D 12 juin 2013     C 0 messages Version imprimable de cette Brève Version imprimable   

Le déclin relatif de ce qu’on appelle l’Occident est désormais un fait qui ne semble plus discutable. La crise actuelle, jointe à la montée très dynamique de l’Asie, Chine en tête, est à l’origine de la fracture et de la recomposition géopolitique en cours.
Contrairement à certaines idées toutes faites, la période que nous traversons n’a pas commencé avec la chute du Mur de Berlin et la fin de la guerre froide, mais trouve sa source en 1979 : à cette date, les questions coloniales sont à peu près réglées, le déclin du communisme s’accélère, mais l’année est surtout marquée par deux faits majeurs, la révolution khomeyniste et le grand tournant initié par Deng Xiaoping.
Aujourd’hui, la fracture géopolitique que révèle ce livre provient de deux bouleversements essentiels : l’évolution de la dimension démographique globale, où l’Occident ne cesse de reculer par rapport au reste de la planète, et la crise économique mondialisée, qui a vu l’accès aux premiers rangs des pays dits émergents, et qui sont pour la plupart des pays "réémergents". En analysant le parcours et les évolutions des grandes puissances actuelles (Etats-Unis, Europe, Chine, Inde, Turquie et Moyen-Orient...), cet ouvrage s’interroge également sur l’avenir géopolitique mondial, et les destins possibles de l’Europe.
Il dessine les contours du monde de demain.

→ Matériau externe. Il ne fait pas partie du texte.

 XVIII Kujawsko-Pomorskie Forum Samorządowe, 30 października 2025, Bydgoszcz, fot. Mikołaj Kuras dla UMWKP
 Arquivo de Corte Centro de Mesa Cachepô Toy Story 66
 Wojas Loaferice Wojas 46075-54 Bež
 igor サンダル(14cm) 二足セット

Gérard Chaliand, historien, poète, traducteur et géostratège, est aujourd’hui l’un des plus éminents spécialistes des conflits internationaux, auteur d’une vingtaine d’études comme Anthologie mondiale de la stratégie (Robert Laffont, 1990), Voyage dans quarante ans de guérillas (Lignes de Repères, 2006), Les guerres irrégulières (Folio Actuel, 2008)… sans oublier de nombreux titres au Seuil. Il est également conseiller auprès du Centre d’analyse et de prévision du ministère des Affaires étrangères français depuis 1984.

Michel Jan, sinologue réputé, membre du groupe de réflexion Asie 21 auteur d’une dizaine d’ouvrages sur la Chine et sur l’Asie centrale dont La grande muraille de Chine (Imprimerie Nationale, 2000), a écrit les chapitres consacrés à la Chine.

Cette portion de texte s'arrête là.